The swirling mass of seagulls slowly progressing along the valley halted my attempts at washing the dishes. I stared, perplexed, through the kitchen window. My house was positioned half-way up the valley side giving a bird’s-eye view along two valleys, and I watched as the seagulls moved down the Golden Valley and then took a sharp left into the adjoining Toadsmoor Valley. Then, washing-up finished, I headed out for a spot of gardening and discovered the reason for the avian invasion. Climbing out of cracks in the soil, the path and in fact, everywhere were masses of winged ants. I’d just witnessed my first ant swarm.
So where do the seagulls fit into this? Keep reading…
That was many years ago, and I now keep a look-out for winged ants in the garden as I wait for the annual swarm. It’s nature’s biggest ‘one night stand’ and it happens only on one warm, muggy day in July or August. ‘The Swarm’ might have been a dreadful 1978 disaster movie about swarms of killer bees in America (considered one of the worst films ever made, even though it starred Michael Cane), but our own version involves millions of black pavement ants (Lasius niger is their scientific name). These are the ants that live in our gardens and they’re simply looking out for some sexual action. They don’t pose any risk to us as they’re far too occupied with mating, and the swarm is too high up in the sky. If you see the winged ants emerge in your garden, leave them be as they’ll be heading skywards before you know it.
For the rest of the year, the ants live in an underground complex of chambers which they’ve built themselves. Ants are essentially wingless wasps and create vast colonies the same as the social types of wasps and bees do. The ant colony consists of one queen and millions of workers – female ants that are actually the queen’s daughters.
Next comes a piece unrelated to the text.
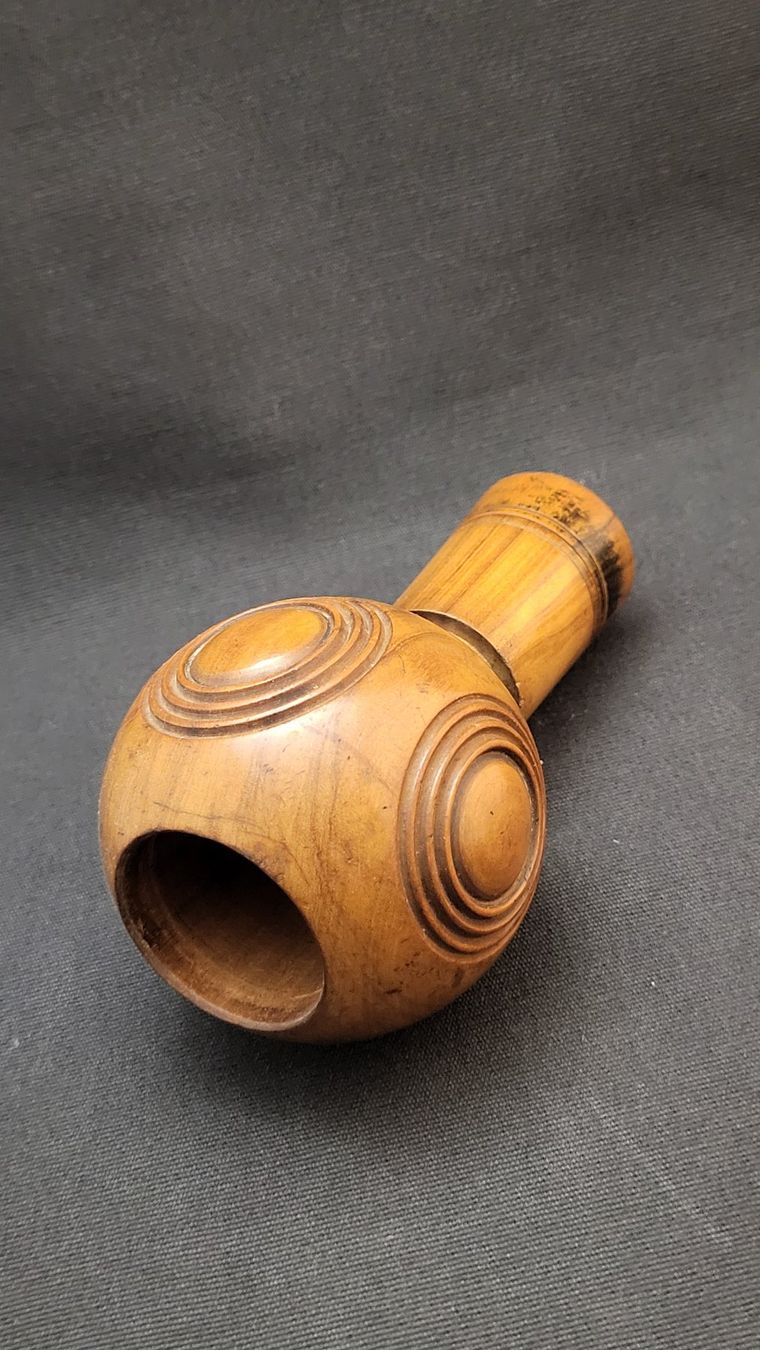 Statuette: Antiker Treen Puzzle Ball SCHNUPFTABAK-BEHÄLTER – Usato da Basel venduto da spinne02 1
The queen is little more than an egg-laying machine whilst the workers tend the eggs and young, feeding and protecting them. However, the queen controls the behaviour of all the other ants in her colony through the hormones and scented pheromones she emits – how about that for the ultimate in girl power?!
Once the colony reaches a certain size, the queen stops laying eggs that turn into female workers and starts laying eggs that hatch into males and more queens. She also grows wings so that when the temperature and weather conditions are right, she joins all the other queens and males to fly high into the sky. The incredible thing is that, although ecologists aren’t sure what these right conditions are, all the other black ant colonies in an area know and swarm at the same time.
The result is an orgy as the male ants fight with each other to mate with the queens which also turns into a feast of ‘food on the go’ for birds, particularly gulls which are partial to pavement ants. There are so many millions – if not billions – of ants in the swarm that the birds can’t eat them all. Once the mating is over, the queens return to the ground, bite off their wings (ouch!) and start new colonies. Whichever way you look at it, the males don’t come out of this well – they’re either eaten or die after mating, having done their bit to keep the next generation going.